### AVAILABLE RECORDS
_ _ _ _ _ _ _

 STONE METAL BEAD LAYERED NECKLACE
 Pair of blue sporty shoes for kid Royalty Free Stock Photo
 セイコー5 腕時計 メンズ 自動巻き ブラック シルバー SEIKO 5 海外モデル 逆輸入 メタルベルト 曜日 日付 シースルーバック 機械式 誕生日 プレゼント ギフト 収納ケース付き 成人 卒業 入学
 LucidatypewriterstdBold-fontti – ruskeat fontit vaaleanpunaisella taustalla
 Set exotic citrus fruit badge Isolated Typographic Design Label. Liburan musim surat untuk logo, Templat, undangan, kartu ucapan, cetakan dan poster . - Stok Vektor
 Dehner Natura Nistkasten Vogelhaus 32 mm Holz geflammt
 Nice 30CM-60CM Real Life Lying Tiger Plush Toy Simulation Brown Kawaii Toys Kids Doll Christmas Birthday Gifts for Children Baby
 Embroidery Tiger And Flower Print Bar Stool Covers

_ _ _ _ _ _ _

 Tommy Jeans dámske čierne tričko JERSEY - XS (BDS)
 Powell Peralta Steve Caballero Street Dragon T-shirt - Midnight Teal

_ _ _ _ _ _ _

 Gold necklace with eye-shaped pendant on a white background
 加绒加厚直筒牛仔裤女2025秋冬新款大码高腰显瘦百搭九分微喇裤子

_ _ _ _ _ _ _

### ACTION ITEM
In the data above, start at the line that has "STONE METAL BEAD LAYERED NECKLACE", stop after the line that has "Embroidery Tiger And", and print every line in between exactly as it stands.

### ANSWER SECTION
 STONE METAL BEAD LAYERED NECKLACE
 Pair of blue sporty shoes for kid Royalty Free Stock Photo
 セイコー5 腕時計 メンズ 自動巻き ブラック シルバー SEIKO 5 海外モデル 逆輸入 メタルベルト 曜日 日付 シースルーバック 機械式 誕生日 プレゼント ギフト 収納ケース付き 成人 卒業 入学
 LucidatypewriterstdBold-fontti – ruskeat fontit vaaleanpunaisella taustalla
 Set exotic citrus fruit badge Isolated Typographic Design Label. Liburan musim surat untuk logo, Templat, undangan, kartu ucapan, cetakan dan poster . - Stok Vektor
 Dehner Natura Nistkasten Vogelhaus 32 mm Holz geflammt
 Nice 30CM-60CM Real Life Lying Tiger Plush Toy Simulation Brown Kawaii Toys Kids Doll Christmas Birthday Gifts for Children Baby
 Embroidery Tiger And Flower Print Bar Stool Covers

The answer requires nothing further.